# [EXERCISE DESCRIPTION]
Restate the listing below word for word, and leave its pictures behind.

━━ SUPPLIED INFORMATION ━━

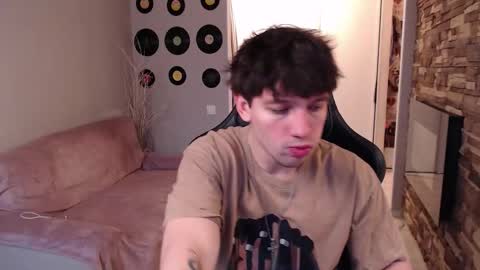 Snapshot of teddy_mode chatting on 03/22/26, 05:44 Teddy online show from 03/22/26, 05:44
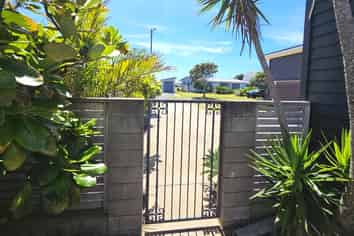  128 Harbour Drive, Matarangi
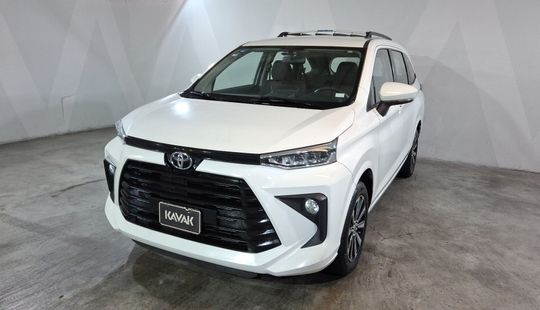 Toyota • Avanza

━━━

# [SOLUTION FOR THIS TASK]
 Snapshot of teddy_mode chatting on 03/22/26, 05:44 Teddy online show from 03/22/26, 05:44
  128 Harbour Drive, Matarangi
 Toyota • Avanza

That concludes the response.